Asas praduga tak bersalah kalau dilihat pada tehnik yuridisnya atau segi penyidikan dinamakan prinsip akusator. Prinsip akusator menempatkan posisi tersngka atau terdakwa dalam setiap level pemeriksaan sebagai subyek bukan sebagai obyek, namun yang menjado obyek nya adalah kesalahan itu sendiri.
Secara teoritis hak tersangka atau terdakwa sudah setaraf dengan polisi,kejaksaan dan hakim yang memeriksanya dalam kedudukan hukum. Penegak hukum berhak menuntut perlakukanya sebagaimana digariskan dalam kitab undang-undang hukum acara pidana sebagaimana di jelaskan dalam pasal 50 ayat 1, ayat 2 dan pasal 51 ayat 1 dan 2.
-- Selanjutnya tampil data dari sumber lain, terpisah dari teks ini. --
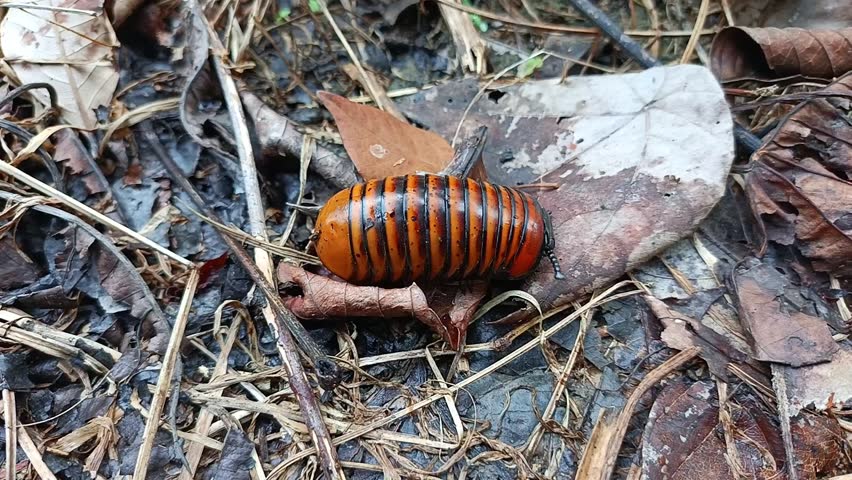This is a Wood Cockroach Nymph . a common species of forest-dwelling cockroach found in rotting wood and leaf litter. he is a shy animal what when touched or teased will hide themselves .Unlike household cockroaches, this species is clean, non-invasive and harmless.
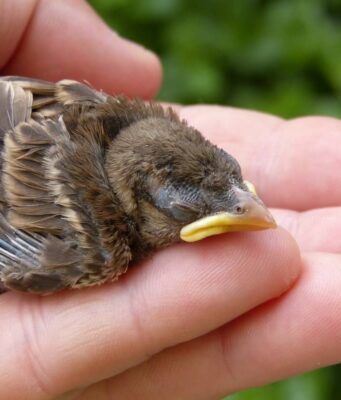 What Happens If A Baby Bird Died In The Nest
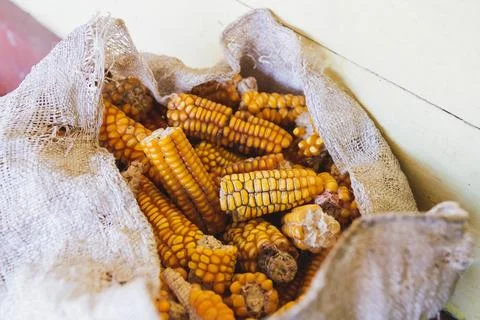 Bag of Corn: Wide Angle View of Food Sack Stock Photos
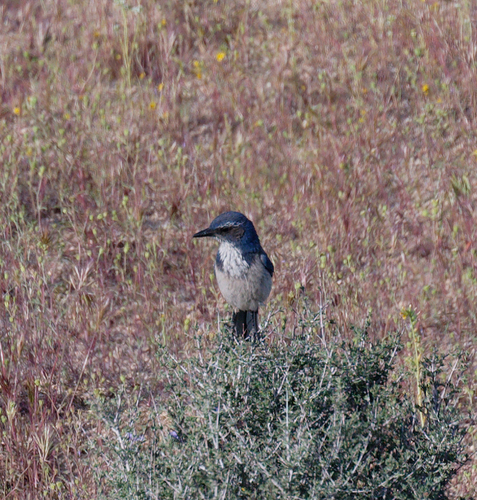 iNaturalist observation photo of California Scrub-Jay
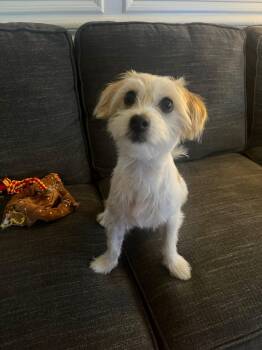 Maltese and Miniature Schnauzer Dogs Available for Adoption in Lakewood Village, Texas - Tucker | PetCurious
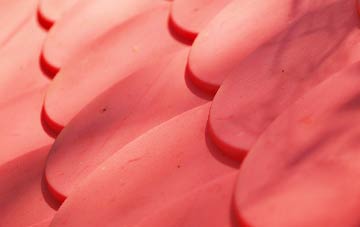 Cray plastic roof costs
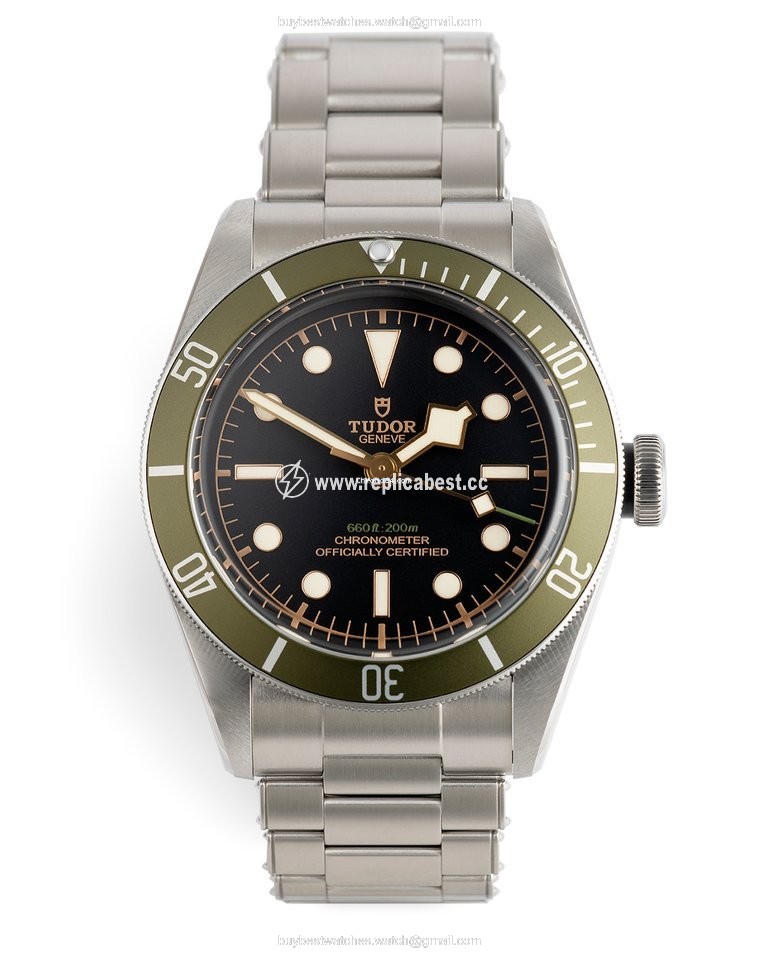 Tudor Black Bay Automatic Steel 79230G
Menurut M. Yahya harapan, asas praduga tak bersalah yaitu setiap orang harus dianggap tah bersalah sebagai hak asasi manusia yang melekat pada diri setiap tersangka atau terdakwa, sampai kesalahanya dapat dibuktikan dalam persidangan. Hak asasi manusia inilah yang menjadi prinsip dalam penegakan hukum yang diamantkan oleh Kitab Undang-Undang Hukum Acara Pidana.
Sewalaupun kita sadari bahwa dalam kenyataannya hak-hak tersangka,terdakwa belum sepenuhnya di terapkan dalam proses penegakan hukum dewasa ini, lebih cenderung penegak hukum dan masyarak menghukumi seorang sewalaupun belum ada keputusan yang berkekutan hukum tetap.
Dalam hukum pidana bukan saja hak-hak korban yang harus di lindungi tapi hak-hak tersangka juga harus di lindungi, kenapa demikian karna dalam diri tersangka atau terdakwa berlaku asas praduga tak bersalah (Presumtion Of Innocent) dan sebagai manusi melekat hak asasi manusia yang harus dijunjung tinggi oleh siapapun, dimanapun dan kapanpun.